Crafting a Stateful Authentication Plugin for Kong in a Heterogeneous Microservice Architecture

API Gateway

Word Count: 2.4k

Read Times: 15 Min

We’re facing a classic technical evolution dilemma. A stable Ruby on Rails monolith, running for years, carries our core business logic, including a complex and deeply coupled user authentication and authorization system. To meet new performance challenges and improve business agility, the team decided to introduce new microservices with a diverse technology stack: a high-concurrency push service for external clients built with Axum (Rust); an internal data processing service using Quarkus (JVM) to leverage the rich Java ecosystem and native compilation capabilities; and a lightweight BFF layer built with Fastify (Node.js).

All external traffic is routed through a Kong API Gateway. The initial approach was naive and straightforward:

-- kong.conf snippet
services:
- name: legacy-rails-service
  url: http://rails-app:3000
- name: new-axum-service
  url: http://axum-app:8000

routes:
- name: rails-route
  service: legacy-rails-service
  paths:
  - /rails
- name: axum-route
  service: new-axum-service
  paths:
  - /axum-push

This simple proxy model pushes the responsibility of authentication and authorization down to each individual service. The problem quickly became apparent: should the Axum, Quarkus, and Fastify development teams each implement logic to call the Rails authentication endpoint to verify user identity? This is not only redundant work but also spreads fragile coupling throughout the entire system. Any change to the Rails authentication logic would be a deployment catastrophe.

Defining the Problem: Unified Authentication & Seamless Migration

The core architectural goal became clear: we need a unified authentication and authorization layer that executes at the API gateway level, transparent to downstream microservices.

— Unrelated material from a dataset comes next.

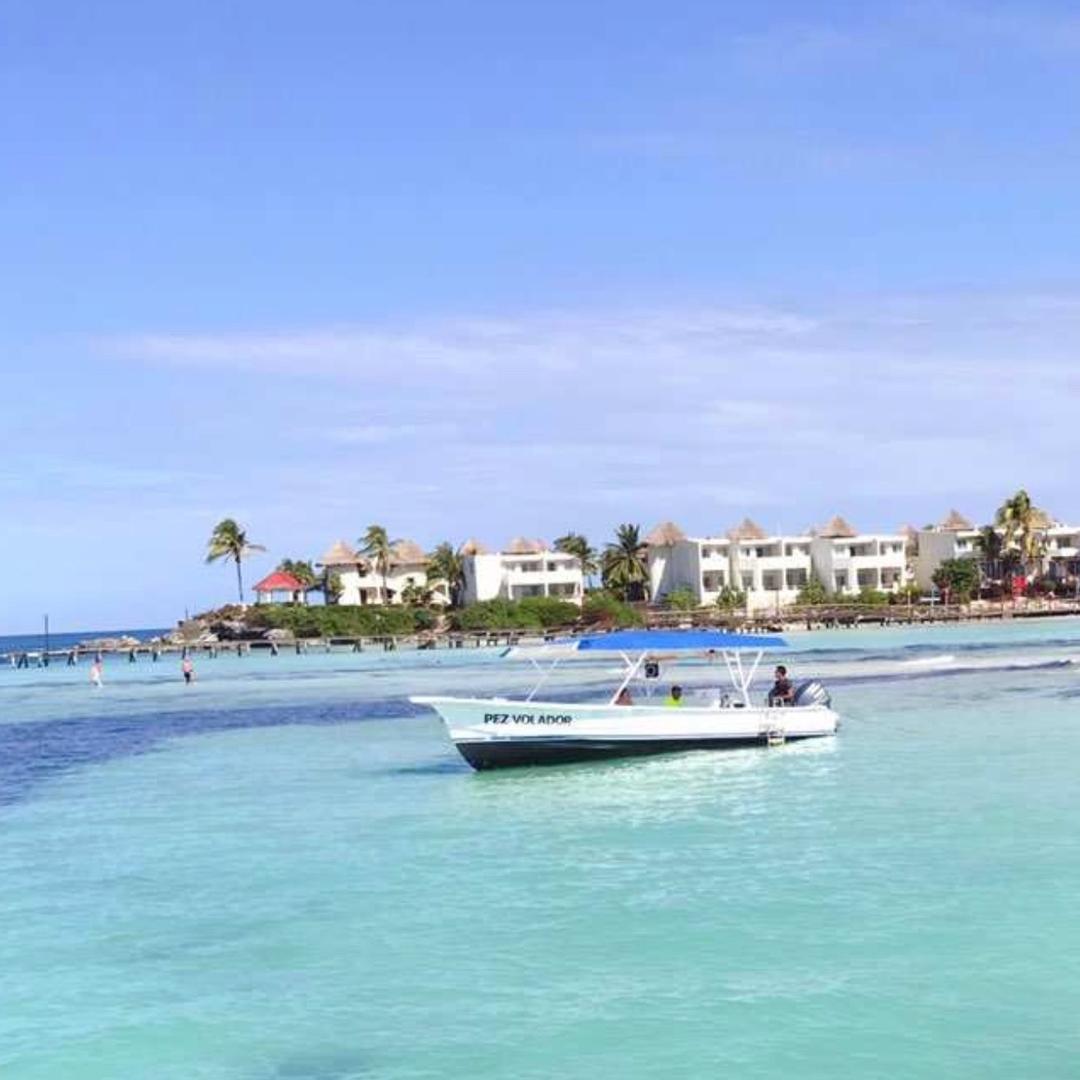 星空物语🎋🌷🎍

The specific requirements were as follows:

Centralized Processing: All requests entering the microservice cluster must complete authentication and authorization checks at the Kong layer.
Legacy System Compatibility: The authentication logic must reuse the existing Rails application’s session or token validation mechanism to avoid rewriting the core auth module during the initial migration phase.
High Performance: For new high-performance services (especially Axum and Fastify), the latency introduced by the authentication layer must be minimal.
Downstream Transparency: After successful authentication, downstream services should be able to obtain user information in a standardized way (e.g., via HTTP headers) without needing to know the details of the authentication process.
High Availability: Any instability or temporary unavailability of the Rails monolith should not cripple the entire authentication system, especially for users with already established sessions.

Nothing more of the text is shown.